Charcuterie Stone, MP-$24
Seahive - Hand-rubbed with Beehive wildflower honey and local Redmond RealSalt. The honey is harvested from a local farm where the bees visit wildflowers and fruit orchards. The salt is from an ancient seabed near Redmond, Utah and contains unique flecks of color that are the result of more than 50 natural trace minerals. BEEHIVE CHEESE COMPANY — UINTAH, UT
Seascape - Made from a mix of cow and goat milk, this extra-creamy cheese is well-rounded and enjoyable as a table cheese or a melter. Somewhere between a cheddar and a gouda, Seascape is slightly tangy and extremely buttery, Seascape is a total crowd pleaser and consistent ACS winner. Cow and Goat’s Milk Waxed Rind Pasteurized Milk, CENTRAL COAST CREAMERY — PASO ROBLES, CA
MT. Tam - Bloomy rind ranging from pillowy to birch bark in appearance; Delightful contrast in textures: At room temperature, features a dense fudgy core enveloped in an evolving pudgy creamline. When young, notes of creme fraiche & cultured butter. At all ages, luscious, salted butter, cream, fresh pasture, & white mushrooms. Cowgirl creamery, Point reyes, California
SALAMI NOSTRANO - Nostrano, meaning “our own”. This is the Fra’Mani signature salame, coarsely ground with a mild and “sweet” flavor. A natural with melon or figs.

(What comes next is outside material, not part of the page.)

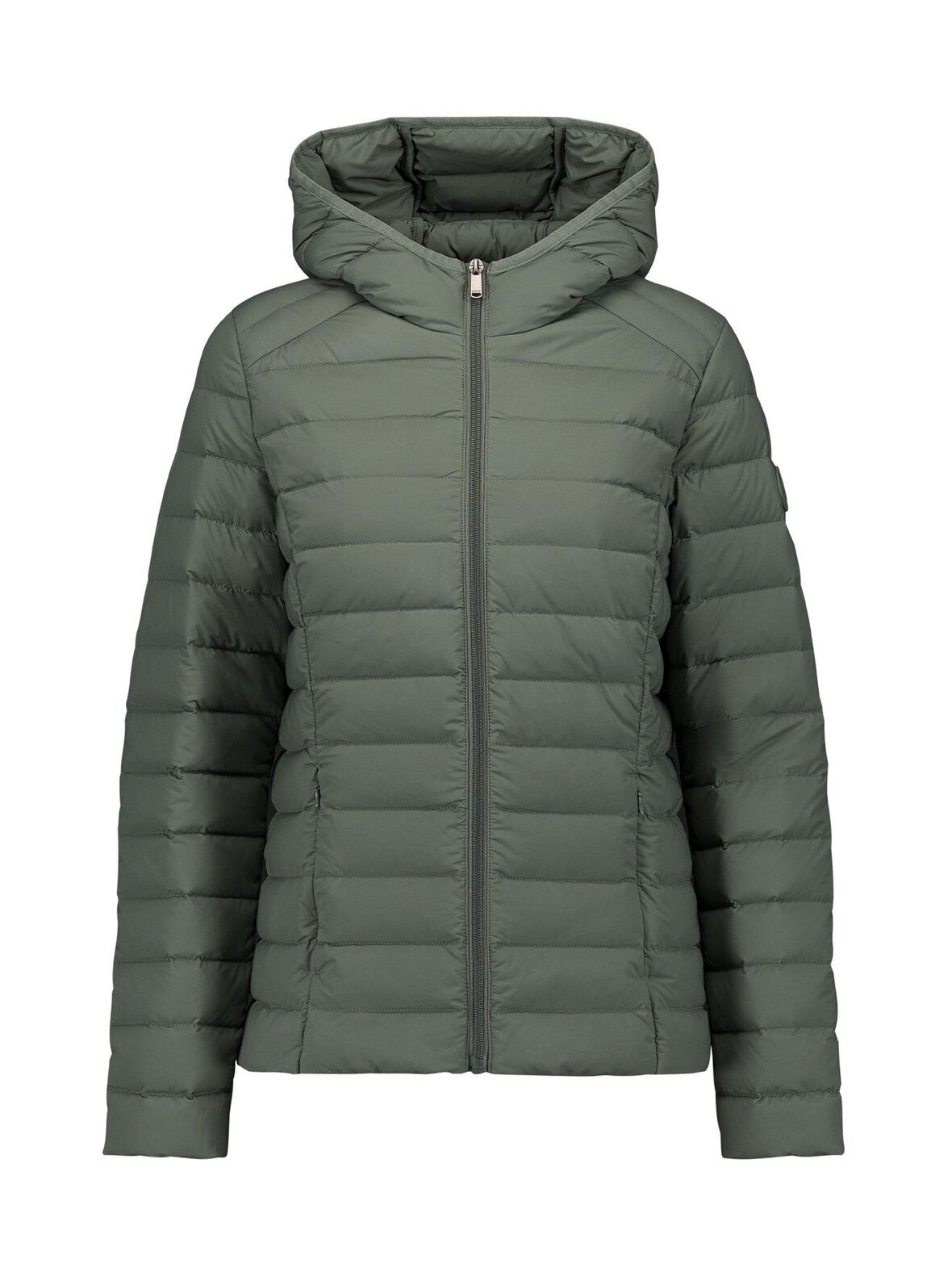 Salma Down -untuvatakki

BEER GARDEN SALAMI - Made with Belgian Ale and lemon zest, this salame begs for a warm summer day and a cold one. Brooklyn Cured is the love child of native Scott Bridi and his passion for making charcuterie in New York. Each product is a reflection of cultural diversity and the culinary history of Brooklyn neighborhoods, and Scott strictly sources the best pasture-raised, antibiotic- and hormone-free raw materials directly from trusted farmers.